◆ Available data:
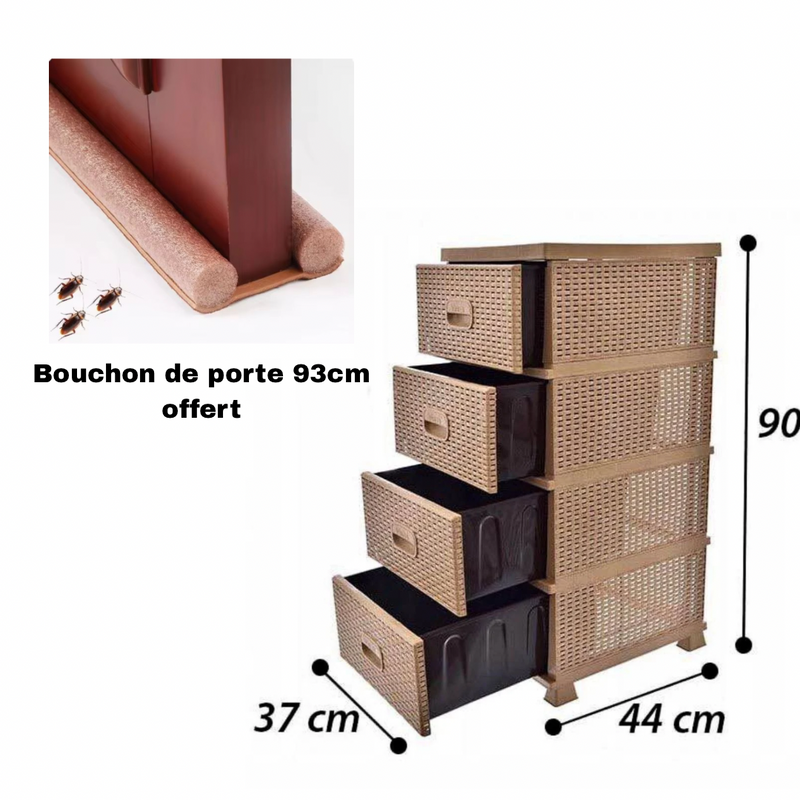 Tiroir de rangement en plastique 4 niveaux plus bouchon de porte 93 cm offert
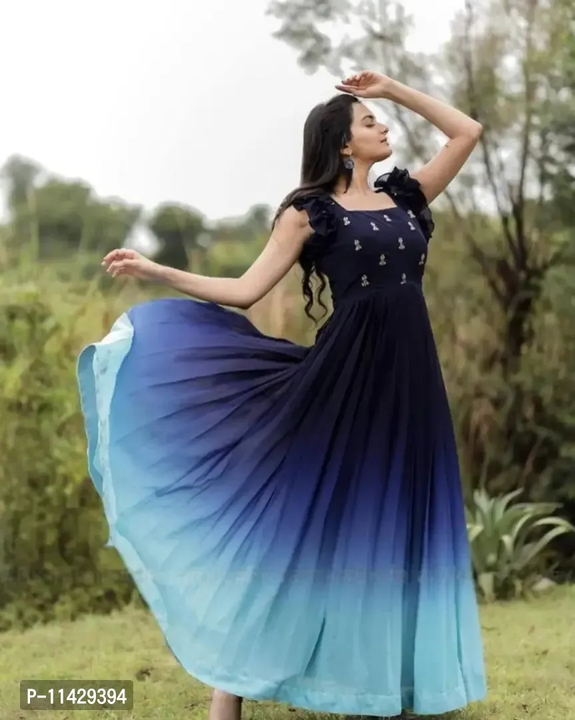 Navy Blue Georgette Gown  uploaded by Udaan on 3/19/2023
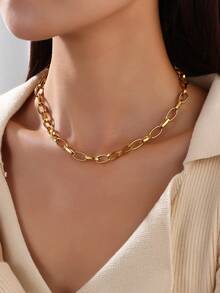 1件装不锈钢几何椭圆项链，男女皆宜，时尚简约，18K镀金链项链首饰 - 項鍊 - 查看 2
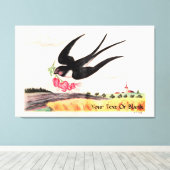 Vliegende vogel met bloemen canvas afdruk (Insitu (Houten vloer))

◆ What needs to be done:
Without the pictures, transcribe the lines from the one containing "Navy Blue Georgette" through the end of the data, exactly and only those.

◆ Expected answer:
 Navy Blue Georgette Gown  uploaded by Udaan on 3/19/2023
 1件装不锈钢几何椭圆项链，男女皆宜，时尚简约，18K镀金链项链首饰 - 項鍊 - 查看 2
 Vliegende vogel met bloemen canvas afdruk (Insitu (Houten vloer))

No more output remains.